BY BRIAN C. MITCHELL

One of the central themes of the new book – How to Run a College: A Practical Guide for Trustees, Faculty, Administrators, and Policymakers  — that my co-author, Dr. W. Joseph King, and I touch upon repeatedly is that American colleges and universities operate with an unsustainable financial model.

Colleges’ Comprehensive Fees No Longer Cover Operating Expenses

It is no longer possible to match expenses with incoming revenue by setting a college’s annual comprehensive fee (tuition, room, board, and fees) to meet its obligations. That approach began to weaken when colleges started to discount their tuition, with discounts at a good number of schools now over 70 percent of the tuition sticker price.

Consumers confuse and often conflate sticker price and cost and are unwilling to pay a number that they do not fully understand.  Additionally, much of the housing fee now directly supports the academic program, as fully depreciated, aging residence halls become desperately needed cash cows.
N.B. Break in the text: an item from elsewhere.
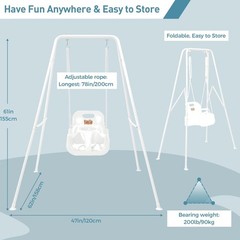 Toddler Swing with Foldable Metal Stand for Toddlers Aged 1~10 , 3-in-1 Baby …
Non-Tuition Sources of Revenue are Limited and Unreliable

Fundraising provides limited short-term relief, except for what can be raised largely through the annual fund. And at most public and private colleges and universities, the drawdown from meager endowments cannot provide a steady cash base upon which to run the enterprise.

Further, at all but a handful of research universities, government grants and contracts do not substantially support an increasingly vulnerable house of cards. Rushing to offer more adult, continuing education and online programs is a risky business plan.
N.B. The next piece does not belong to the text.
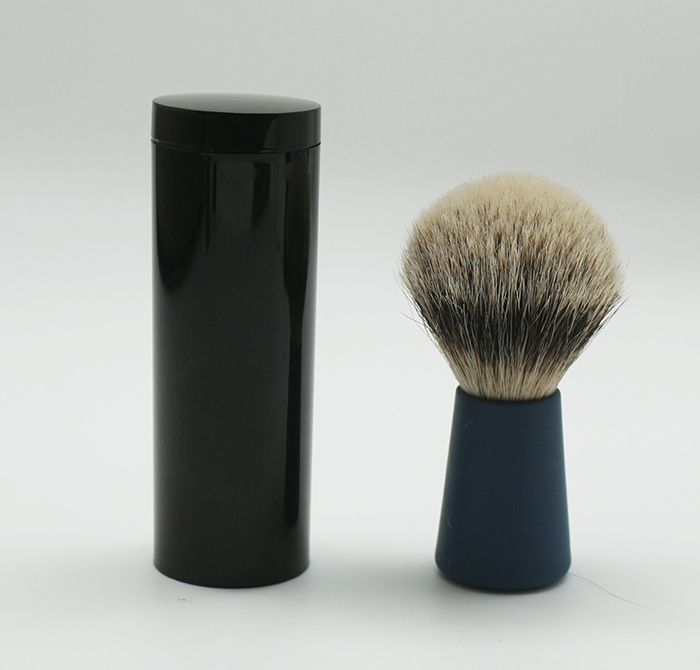 Top quality beard & mustache brush Silver tip Pure badger Hair beard brushes shaving wholesale with travel case for men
After creating whatever efficiencies exist in discretionary spending, most higher education institutions are at a loss in their search for new revenue.
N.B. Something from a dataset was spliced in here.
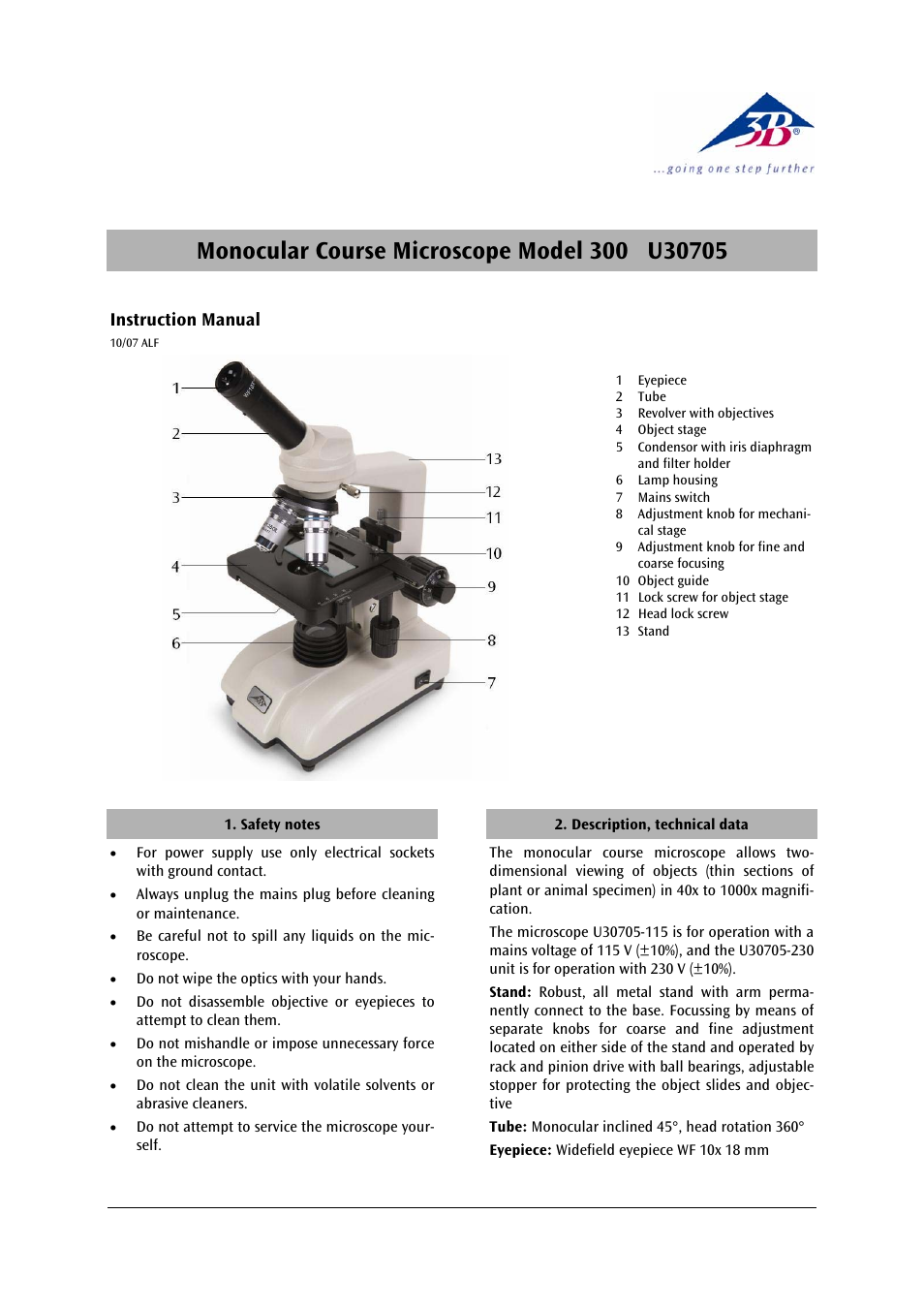 3b scientific, Physics | 3B Scientific Monocular Course Microscope Model 300 (230 V, 50__60 Hz) User Manual | Page 3 / 12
Real Estate May Be a College’s Most Valuable Asset

At many colleges and universities, the most valuable asset they may hold is the real estate on which the campus sits. In Boston, the merger between Wheelock College and Boston University (which resulted in the closure of Wheelock) and the takeover by UMass of Mount Ida College were notable for the value of their real estate.

While there may not be a single calamitous “day the dinosaurs died” moment, these examples suggest, at a minimum, that real estate can often be an undervalued asset, especially in mergers, acquisitions, and closings.

There’s an open question as we move further into the 21st century on whether colleges and universities must own all of their real estate.

Is it possible, for example, that a college’s stakeholders, legal team, accountants, and student life staff could work together to negotiate the sale of residence facilities while still maintaining a metric-driven control over its student life programs?

Fundamentally, it means shifting how senior administrators evaluate staff – especially student life staff. Is it the number of beds served or the quality of the programs offered – supported by metrics like retention and graduation rates – that determines the importance and effectiveness of a student life program?

Should it stop with residence halls? Likely not, particularly if shared athletic, conference, and performance facilities could be co-developed with the taxing jurisdictions in which they are operated.

How to Make a Campus Public-Private Partnership WorkIn the last century, higher education was an accepted public good because it saved taxpayers money and therefore qualified for tax exemption. No one thought much about that tax exemption until cash-strapped cities and towns moved to tax colleges or demand payment-in-lieu-of taxes (PILOTs).

In this century, it is likely that an institution will need to show additionally that it performs a tangible public good.  Most tax payers do not appreciate that colleges often compensate taxing jurisdictions for police and fire support. They would understand better perhaps if colleges and universities used their position as economic engines in their region to improve common use facilities and support economic and commercial development.

Better Partnerships Benefit Both Colleges and Communities

Since curb appeal figures prominently in any institution’s marketing, enrollment, alumni, development, and branding efforts, it makes sense to support the neighborhood beyond the college walls. It’s time, in fact, to demolish these walls to integrate each college into its region.

But colleges and universities are not in the business of urban planning and are only now thinking more broadly about how to work through community real estate partnerships. The problem is that administrators, whose knowledge in a complex collegiate governance and management environment may run broad but not deep, don’t always know where to begin.

Higher Ed P3 Resource Center has Wealth of Public-Private Partnership Information

The best source available seems to be the new Higher Ed P3 Resource Center, sponsored by the advisory and program management firm, Brailsford & Dunlavey. It’s easily accessed on the web and contains a series of thoughtful “P3 101” articles, articles written by professionals in the field, original research, videos, and infographics that lay out the fundamentals of how and even whether to launch a strategic partnership with government and private developers. That’s important because making a series of bad first moves likely forecasts a failed relationship from which a college or university might not recover.

Colleges and universities that understand the value of an underperforming asset like their real estate should first grasp how to manage the question of why consider using real estate to further an institution’s goals.

Facilities staffs, however well intended, typically do not have the in-house expertise to move this agenda. Colleges are very conservative places and should be keenly aware of what they do not know. It takes a village of committed college stakeholders to rev up the economic engine that a college represents when its resources are used efficiently.

As we note in How to Run a College, those colleges and universities that become more sustainable will do so because they were careful but agile stewards of their resources. Cutting through campus inertia, it is time to build a future that relies less on tuition and debt.